幸いなことに多くの伝統工芸士の方とお話させて頂く機会を頂きましたが、思った以上に色々と挑戦されていることに驚きました。話をさせて頂くまで、伝統工芸とは頑固にこだわりを持って手間をかけても昔と同じ一つのものを全力で造り上げる、そういう世界だと思っていたからです。全くそうではなかった。一番大切にされていること、それは納期を守ることというごく当たり前のことで、本人達は出来るだけ時間を短くしようと手間を掛けないで済むように技術を磨いて動いていました。抜ける手は出来るだけ抜く、抜けない手は絶対に抜かない。手の抜き方を伺っていると、感動的な技巧が施されていたりしました。「手間が掛かってますね」とは、職人にとって全く褒め言葉にならず、むしろ技術がないですね、と言うのと同じ意味になってしまうようです。大概の伝統工芸士の方は言われ慣れていますので気にされていないようですが、伝統工芸を分かっていないと思われるので言わない方が良いと思います。
このように、色々な伝統工芸士の方々とお話させて頂いた中で感じたことを、壁を塗り重ねること、伝統と伝承などの言葉でお話しすると、その通りだと仰って頂きました。
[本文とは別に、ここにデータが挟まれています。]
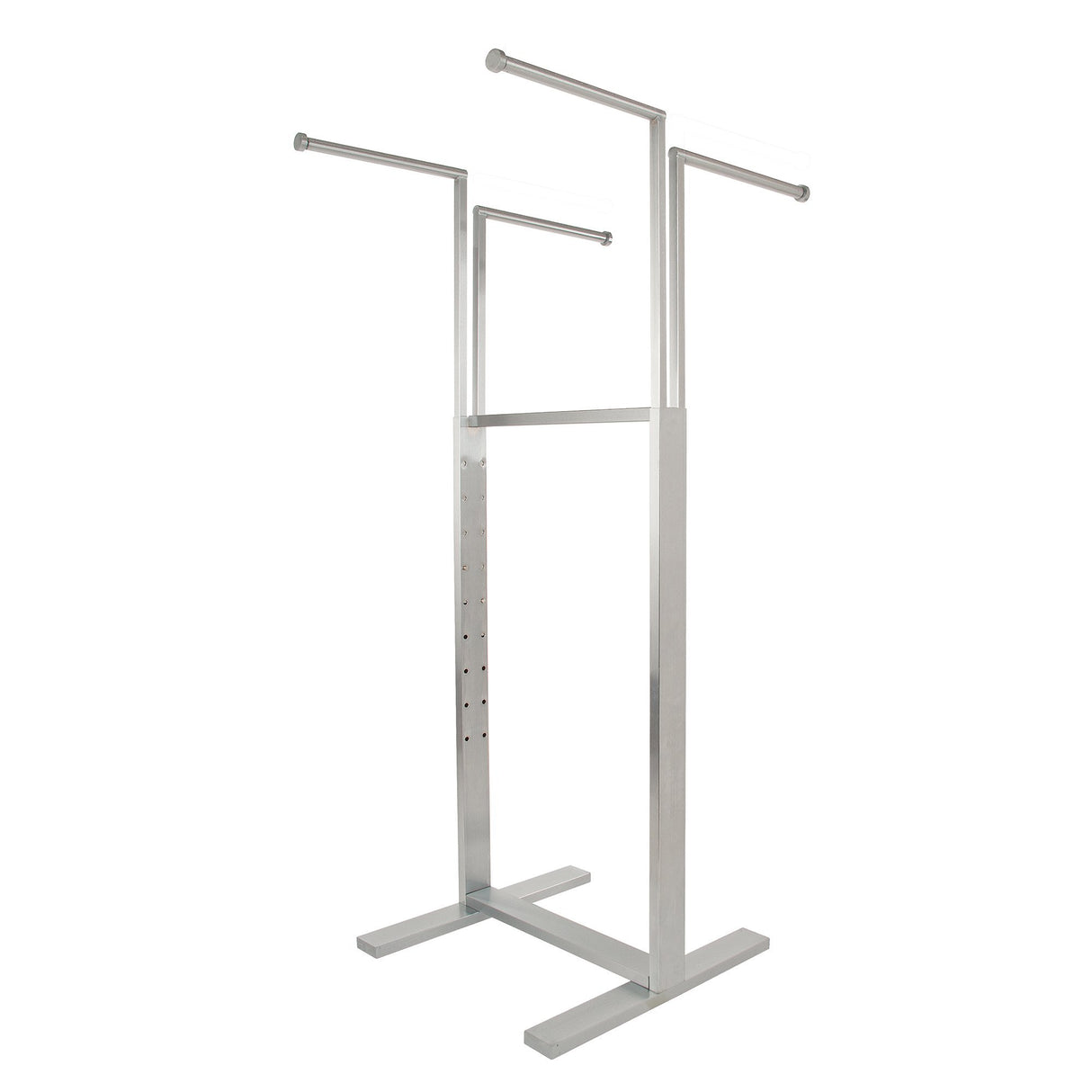 Adjustable 4-Way Rack, Satin Chrome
特に「塗り重ね」という言葉は、現場に身を置き実践されている方々にとっても適した言葉だったようです。何人かの方は「今度からそう言う」と仰ってくれたりしてたので、そう外れた表現ではないように期待しています。
特に技術を持っておられる方の方が時間に余裕があり、色々なことに挑戦されているように思えます。当然、守る壁は大切にされておられますが、伝承になることは全ての方が嫌っておられました。失敗するかも知れないけれど、塗り重ねの中で本質からずれる所は修正され、残るべきものは残るはずです。継承すべきは物ではなく技術だ、なにもしないよりマシだ、と盛んに仰っていたように思います。どうにかして壁を塗ろう、そういう気概は職人の方々の生きた証として壁に中に残るのかも知れません。そういう方々と現場を目の前で見れたことは、ここ数年の中で最も幸せなことだったように思います。